** THE DATA follows **

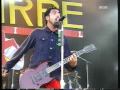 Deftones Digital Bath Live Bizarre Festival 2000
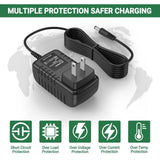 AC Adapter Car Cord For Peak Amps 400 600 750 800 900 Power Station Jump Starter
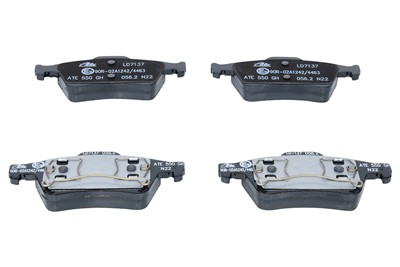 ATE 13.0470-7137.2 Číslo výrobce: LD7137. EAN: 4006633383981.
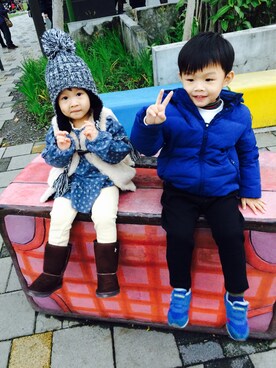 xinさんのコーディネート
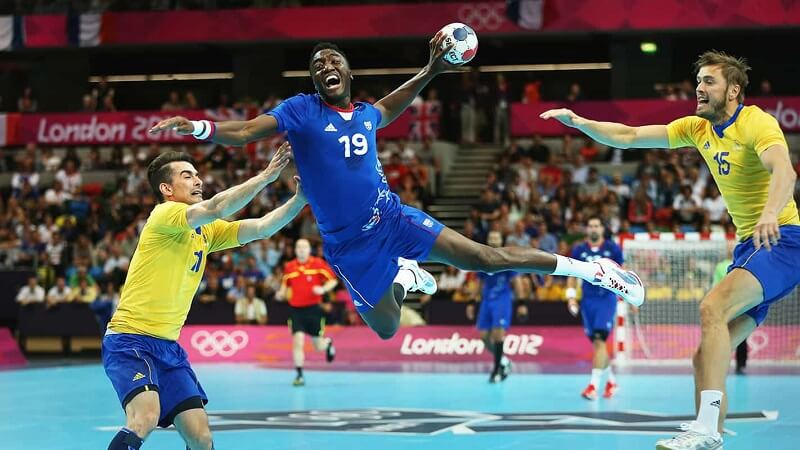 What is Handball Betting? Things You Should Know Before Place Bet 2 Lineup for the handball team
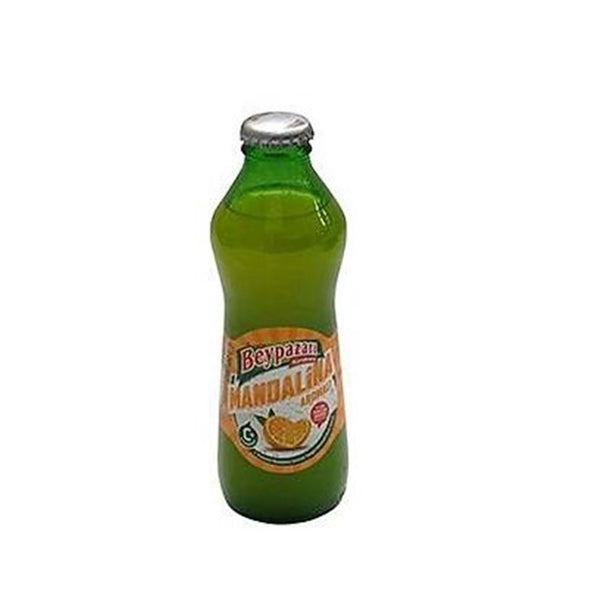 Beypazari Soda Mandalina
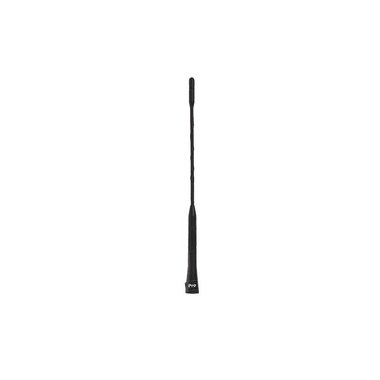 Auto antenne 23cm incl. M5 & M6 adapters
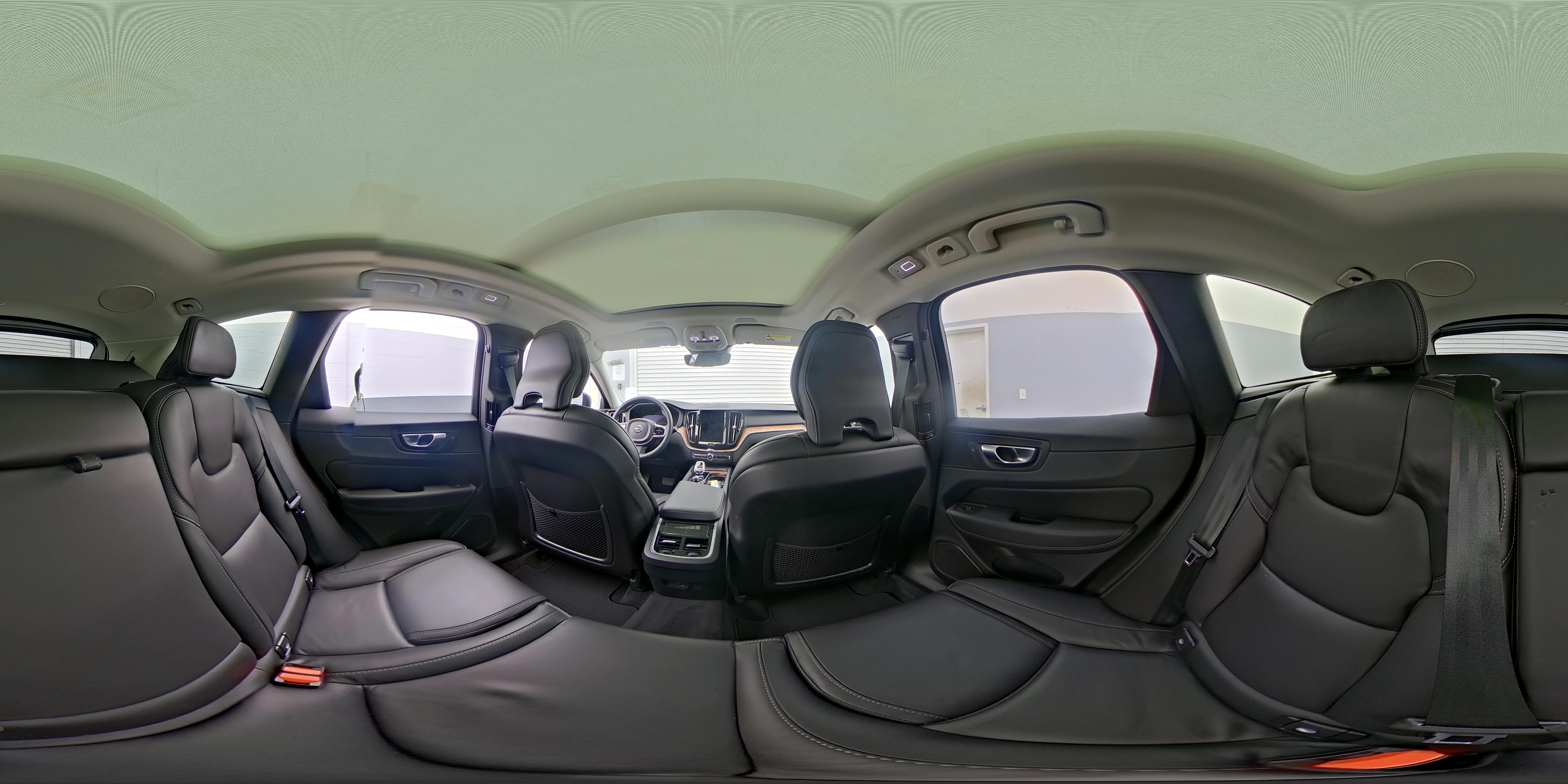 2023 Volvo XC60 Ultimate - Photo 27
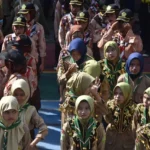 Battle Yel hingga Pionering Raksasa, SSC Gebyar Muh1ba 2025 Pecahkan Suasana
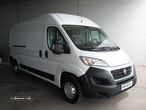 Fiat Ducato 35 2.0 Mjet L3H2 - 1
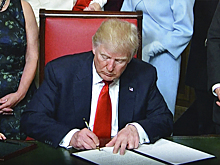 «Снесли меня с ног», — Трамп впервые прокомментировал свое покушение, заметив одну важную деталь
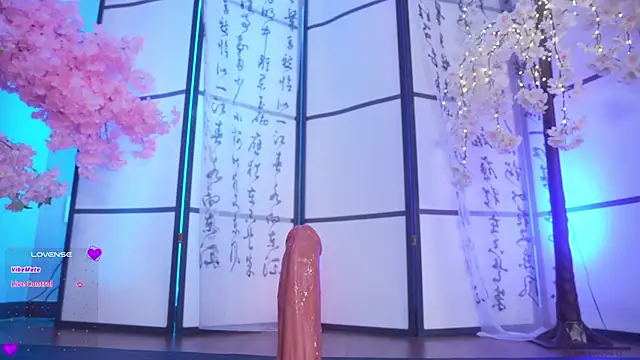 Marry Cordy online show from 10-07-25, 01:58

** End of THE DATA **

Please retype the lines from the one containing "2023 Volvo XC60 Ultimate - Photo 27" through the last line of the records above, exactly as written, and leave out any pictures.

### [RESULT FOR THIS TASK]
 2023 Volvo XC60 Ultimate - Photo 27
 Battle Yel hingga Pionering Raksasa, SSC Gebyar Muh1ba 2025 Pecahkan Suasana
 Fiat Ducato 35 2.0 Mjet L3H2 - 1
 «Снесли меня с ног», — Трамп впервые прокомментировал свое покушение, заметив одну важную деталь
 Marry Cordy online show from 10-07-25, 01:58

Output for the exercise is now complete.